1947 - 1969 | 1970 - 2000  

1970

February 21: A P.F.L.P. splinter group detonates altitude bombs in two airplanes, causing one to crash while the other lands safely. Forty-seven people are killed, and both the P.F.L.P. and other Palestinian guerrilla organizations condemn the attacks.

July 22: Two days before a couple of P.F.L.P. members are to go on trial in Greece, six others hijack an Olympic Airways flight from Beirut to Athens. After landing in Greece, they threaten to blow up the plane unless their comrades (and five others already convicted) are released. Although the Israelis now refuse to negotiate with hijackers, the Greek government agrees to the deal. Emboldened by this success, the P.F.L.P. plots its most dramatic skyjacking operation yet.

September 6: Three teams of P.F.L.P. guerrillas attempt to hijack three separate planes and divert them to "Revolution Airport," a natural airstrip in the middle of the Jordanian desert that was formerly used by the British.
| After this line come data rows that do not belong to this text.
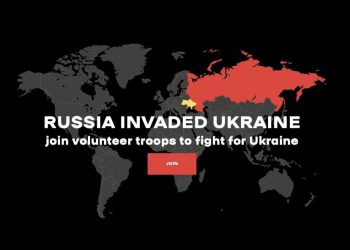 Ucraina strânge voluntari străini pentru lupta cu arma în mână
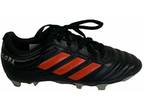 Adidas Copa Boys Size 2 Kids Soccer Cleats Black Red F35460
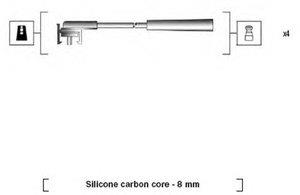 Magneti marelli 941185140772 Ignition cable kit 941185140772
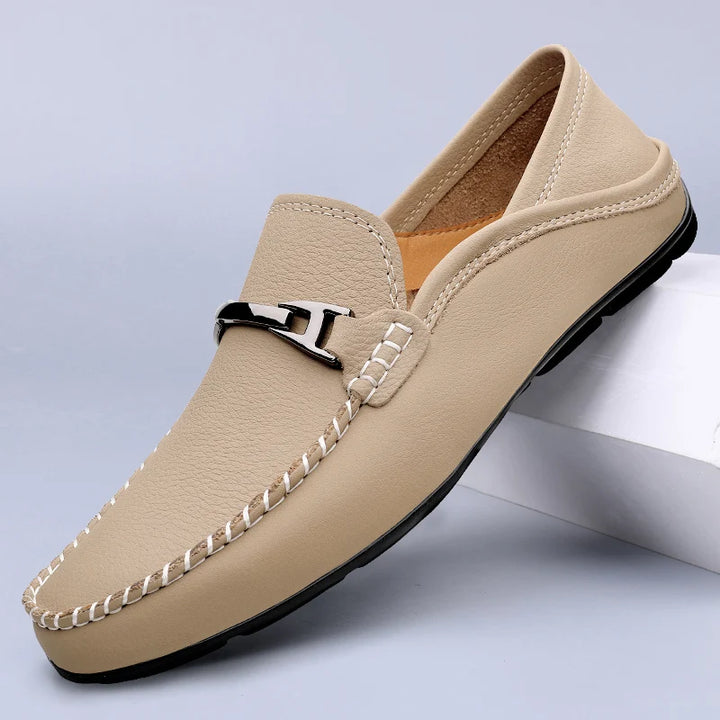 Buckle Moc Loafers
Jordan is selected because the P.L.O. has a large presence in the country, almost running a de facto government at odds with the regime of King Hussein. The skyjackers successfully seize TWA Flight 74 from Frankfurt to New York and Swissair Flight 100 from Zurich to New York; together these planes carry more than 300 hostages, most of them Americans. But the four hijackers assigned to El Al Flight 219 from Amsterdam to New York run into problems. Two are removed by security before the plane takes off, and when the remaining guerrillas, Khaled and an American named Patrick Arguello, try to skyjack the flight, pilot Uri Bar Lev puts the plane into a nosedive. In the resulting confusion, Arguello shoots a flight steward (he later recovers), Khaled is subdued, and Arguello is mortally wounded by an air marshal. The plane lands safely in London, where Khaled is arrested.

Meanwhile, the two P.F.L.P. fighters who had been removed buy first-class tickets on Pam Am Flight 93 from Amsterdam to New York. Although they again arouse suspicions, a search of their persons fails to detect the grenade and pistols they have concealed. They commandeer the jumbo jet but later conclude that it is too large to land at Revolution Airport. After refueling in Beirut, the Pan Am flight arrives in Cairo and the hijackers blow it up after all the passengers have gotten off. The P.F.L.P. members are arrested by Egyptian police.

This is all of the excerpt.